La digitalisation du commerce @clesdudigital
Arnaud Gallet

«Le commerce va se faire plus agile, plus simple, plus serviable, plus expérientiel et plus rapide pour contenter un consommateur plus exigeant. La livraison, et avec elle l’exigence de services à tous les niveaux du parcours d’achat, vont structurellement modifier le métier de commerçant dans les prochaines années. La course à la rapidité de livraison déjà lancée, par Amazon aux USA et déjà fortement concurrentielle en Asie et en Chine notamment, va se propager sur tous les continents. Nous sommes passés en quelques années du triptyque « Prix – Choix – Service » au triptyque « Vaste choix – Ultra Rapidité – Prix bas »».

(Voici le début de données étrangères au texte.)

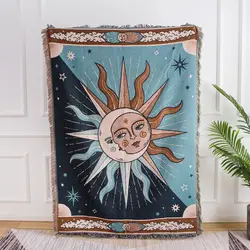 Moon and Sun Throw Blanket Sofa Cover Feature Decorative Tassels Cotton Woven Couch Bed Hippie Throws European Sun God Blankets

Toutes ces tendances seront détaillées et débattues lors de la plénière d’ouverture de Paris Retail Week 2021 qui aura lieu le 28 septembre 2021 avec Vincent Mayet, directeur général Havas Commerce. L’événement dédié à huit problématiques business (commerce omnicanal, innovation marketing, data, logistique, marketplace, marketing BtoB, nouveaux paiements, parcours client agile) se tiendra cette année sans Equipmag (agencement du magasin, marketing point de vente…) dont l’édition a été reportée en septembre 2022. «Prenant en considération le contexte marché difficile et l’incertitude encore ambiante, nous avons décidé de reporter l’édition 2021. Ce report doit nous permettre de nous retrouver en septembre 2022 dans les meilleures conditions pour asseoir le renouveau d’Equipmag tel que nous l’avions imaginé avec vous», explique Arnaud Gallet, directeur des salons Paris Retail Week et Equipmag.